Yetkili mahkeme, hukuki prosedürleri yönetir ve davayı çözüme kavuşturur. Yetkili mahkeme, Hukuk Muhakemeleri Kanununa göre belirlenir.  Yetkili mahkeme belirlenirken bazı temel prensipler göz önünde bulundurulur:

  1. Davanın Konusu: Ticari davaların konusu, davanın hangi tür ticari anlaşmazlığı

içerdiğini belirler. Örneğin, sözleşme ihlali, alacak davaları, rekabet hukuku gibi konular farklı mahkemelerde ele alınabilir.

  1. Yerleşim Yerleri: Tarafların yerleşim yerleri veya iş yeri, davanın hangi mahkemede açılacağını belirlemede önemlidir. Genellikle davalı tarafın yerleşim yerinde veya anlaşmazlığın meydana geldiği yerde dava açılabilir.
  2. Sözleşme Şartları: Taraflar arasında yapılan sözleşmelerde, yetkili mahkeme konusunu düzenleyen hükümler bulunabilir.
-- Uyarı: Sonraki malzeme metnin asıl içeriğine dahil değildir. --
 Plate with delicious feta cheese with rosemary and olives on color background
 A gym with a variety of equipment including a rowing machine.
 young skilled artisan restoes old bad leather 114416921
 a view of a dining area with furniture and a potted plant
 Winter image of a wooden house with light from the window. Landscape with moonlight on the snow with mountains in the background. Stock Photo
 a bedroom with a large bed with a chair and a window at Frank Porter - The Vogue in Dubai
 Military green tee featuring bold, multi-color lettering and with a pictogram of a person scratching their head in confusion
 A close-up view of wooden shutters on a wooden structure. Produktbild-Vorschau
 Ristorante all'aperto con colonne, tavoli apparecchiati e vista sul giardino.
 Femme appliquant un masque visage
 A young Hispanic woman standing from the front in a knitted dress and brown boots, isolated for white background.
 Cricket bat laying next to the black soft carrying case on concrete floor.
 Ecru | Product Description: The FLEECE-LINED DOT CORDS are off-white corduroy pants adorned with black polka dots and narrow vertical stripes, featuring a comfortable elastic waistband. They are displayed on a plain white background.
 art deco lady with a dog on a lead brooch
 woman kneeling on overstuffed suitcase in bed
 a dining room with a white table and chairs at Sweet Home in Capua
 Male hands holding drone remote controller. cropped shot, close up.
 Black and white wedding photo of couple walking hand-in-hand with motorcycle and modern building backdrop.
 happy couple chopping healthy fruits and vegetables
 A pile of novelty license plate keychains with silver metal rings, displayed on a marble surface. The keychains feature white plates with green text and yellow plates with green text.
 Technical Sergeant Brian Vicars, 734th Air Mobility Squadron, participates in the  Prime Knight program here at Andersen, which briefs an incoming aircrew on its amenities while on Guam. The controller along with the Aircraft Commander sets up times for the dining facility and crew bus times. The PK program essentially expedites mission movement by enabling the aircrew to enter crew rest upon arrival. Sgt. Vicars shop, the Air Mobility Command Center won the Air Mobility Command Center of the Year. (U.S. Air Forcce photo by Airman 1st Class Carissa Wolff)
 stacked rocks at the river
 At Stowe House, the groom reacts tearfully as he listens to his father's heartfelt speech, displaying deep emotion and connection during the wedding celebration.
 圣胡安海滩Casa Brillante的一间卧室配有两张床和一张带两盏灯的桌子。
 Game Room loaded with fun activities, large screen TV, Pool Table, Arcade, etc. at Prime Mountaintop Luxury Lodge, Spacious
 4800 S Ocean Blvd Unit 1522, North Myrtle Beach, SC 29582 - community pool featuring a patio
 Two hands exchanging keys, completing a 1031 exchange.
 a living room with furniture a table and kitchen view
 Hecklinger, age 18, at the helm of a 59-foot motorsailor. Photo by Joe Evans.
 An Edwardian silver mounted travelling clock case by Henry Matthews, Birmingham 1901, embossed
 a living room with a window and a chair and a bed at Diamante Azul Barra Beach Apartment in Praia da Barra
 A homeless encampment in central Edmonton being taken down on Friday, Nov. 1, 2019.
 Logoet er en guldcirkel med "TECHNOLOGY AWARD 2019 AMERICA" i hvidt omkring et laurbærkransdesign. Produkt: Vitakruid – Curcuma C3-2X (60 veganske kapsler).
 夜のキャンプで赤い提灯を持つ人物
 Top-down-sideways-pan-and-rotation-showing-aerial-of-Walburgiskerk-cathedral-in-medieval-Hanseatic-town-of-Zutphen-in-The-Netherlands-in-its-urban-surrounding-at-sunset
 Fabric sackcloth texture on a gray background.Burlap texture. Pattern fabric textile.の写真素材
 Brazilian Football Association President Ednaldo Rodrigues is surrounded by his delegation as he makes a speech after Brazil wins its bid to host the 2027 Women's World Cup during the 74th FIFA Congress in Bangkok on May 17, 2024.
Sözleşmede belirlenmiş bir yetkili mahkeme varsa, genellikle bu mahkemede dava açılmalıdır.
  3. Mevzuat ve Anlaşmalar: Ülkeler arasında ticaret yapan taraflar arasında çeşitli hukuki düzenlemeler ve uluslararası anlaşmalar bulunabilir. Bu düzenlemeler ve anlaşmalar, davanın yetkili mahkemesini etkileyebilir.
  4. Özel Yetki Kuralları: Birçok ülkede ticari davalar için özel yetki kuralları bulunur. Bu kurallar, belirli türdeki davaların hangi mahkemelerde görüleceğini belirler.

Ticari davaların karmaşıklığı ve genellikle uluslararası boyutta olmaları nedeniyle, yetkili mahkeme konusu, davanın doğasına ve yerine göre dikkatlice değerlendirilmelidir. Bu nedenle, ticari davalarla ilgili hukuki konularda uzman bir avukatın danışmanlığı genellikle önemlidir.

Ticari dava şartı nedir?

Ticari dava açılmadan önce Hukuk Muhakemeleri Kanunu m.14’e göre genel dava şartları sağlanmasının yanı sıra 7155 sayılı Abonelik Sözleşmesinden Kaynaklanan Para Alacaklarına İlişkin Takibin Başlatılması Usulü Hakkında Kanunu 20. Maddesi ile  6102 sayılı Türk Ticaret Kanunu  5/A maddesine eklenen  dava şartı ile ticari uyuşmazlıklar bakımından Kanunun 4 üncü maddesinde ve diğer kanunlarda belirtilen ticari davalardan, konusu bir miktar paranın ödenmesi olan alacak ve tazminat talepleri  hakkında dava açılmadan önce tarafların arabulucuya başvurma şartı getirilmiştir.

6102 sayılı Türk Ticaret Kanunu’na eklenen 5/A maddesi şu şekildedir:

“3. Dava şartı olarak arabuluculuk

MADDE 5/A- (1) Kanunun 4 üncü maddesinde ve diğer kanunlarda belirtilen ticari davalardan, konusu bir miktar paranın ödenmesi olan alacak ve tazminat talepleri hakkında dava açılmadan önce arabulucuya başvurulmuş olması dava şartıdır.

(2) Arabulucu, yapılan başvuruyu görevlendirildiği tarihten itibaren altı hafta içinde sonuçlandırır. Bu süre zorunlu hâllerde arabulucu tarafından en fazla iki hafta uzatılabilir.”